The teenager recoiled, taking an uncertain step back as he turned, and began to mutter into a phone. There was no mention of griffins or mystics, instead her ears picked up panic, girl, victim, runaway amidst his sober words. Where had he gotten that nonsense from? Even so, Karen seized the chance while he was distracted to lean over the desk. The computer was a little dazzling to avian eyes, but after a moment she understood- Veena Montoya, Room 124. Yes.
“Uh, Mr Owen,” She ducked back into view quickly, wiping her eyes with the one human hand, “Where’s the bathroom?”
He winced, considered, then pointed to a hallway, “Third door- come back once you’ve tidied yourself up a lil.
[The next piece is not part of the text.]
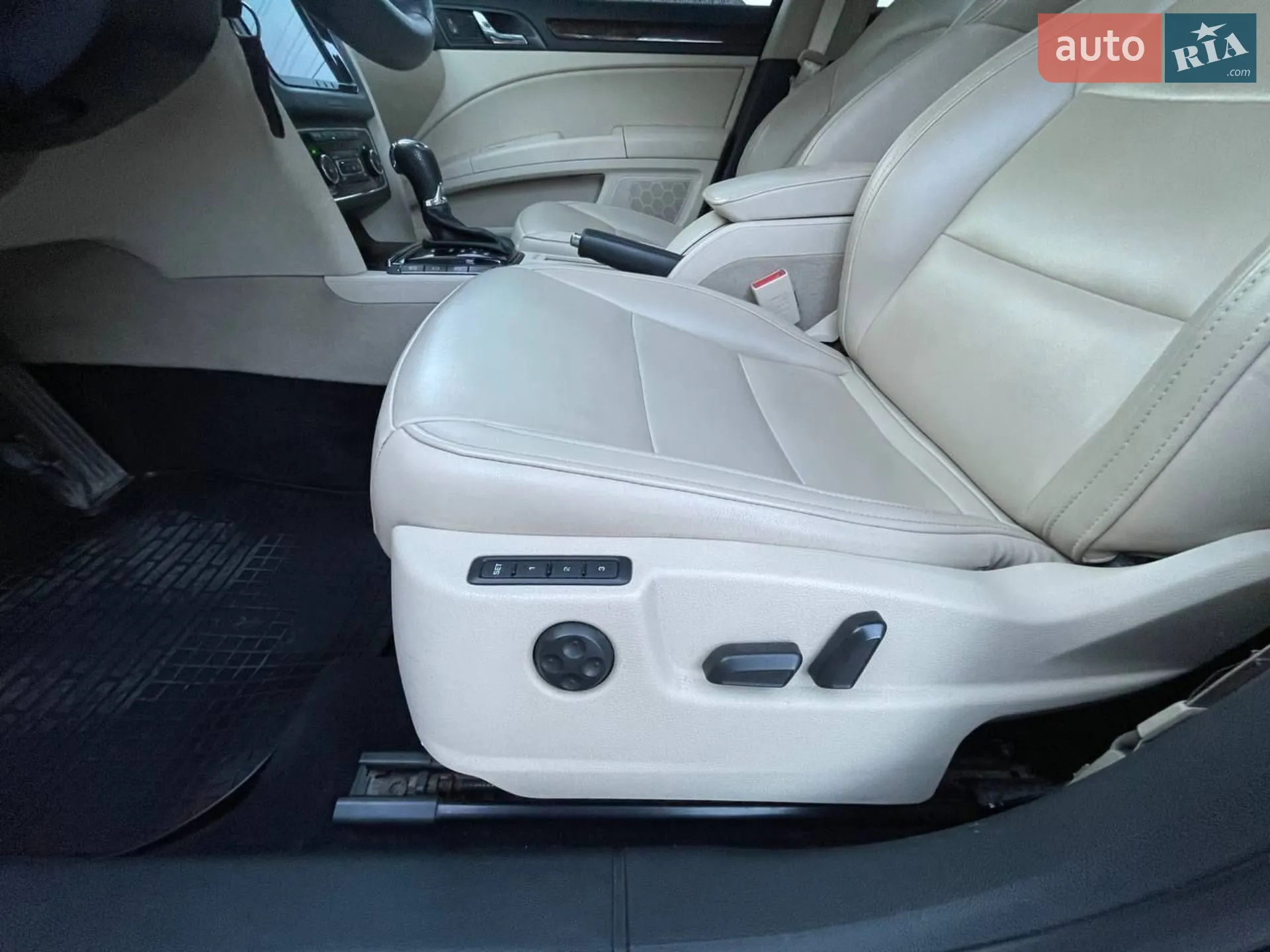 2013 Skoda Superb - мініатюра 8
I know sometimes the tears don’t stop.”
Which was nonsense, she could stop her tears whenever she wanted. There was no reason to cry, she was solving things. Karen padded along, opened and closed the bathroom door without entering, then hurried stealthy as a cat down the corridors. It was eerie and dead quiet, the rooms largely dark, the air stale and humid. A snore here, a cough there, set her hackles on edge, until she found the door, 124 emblazoned on it.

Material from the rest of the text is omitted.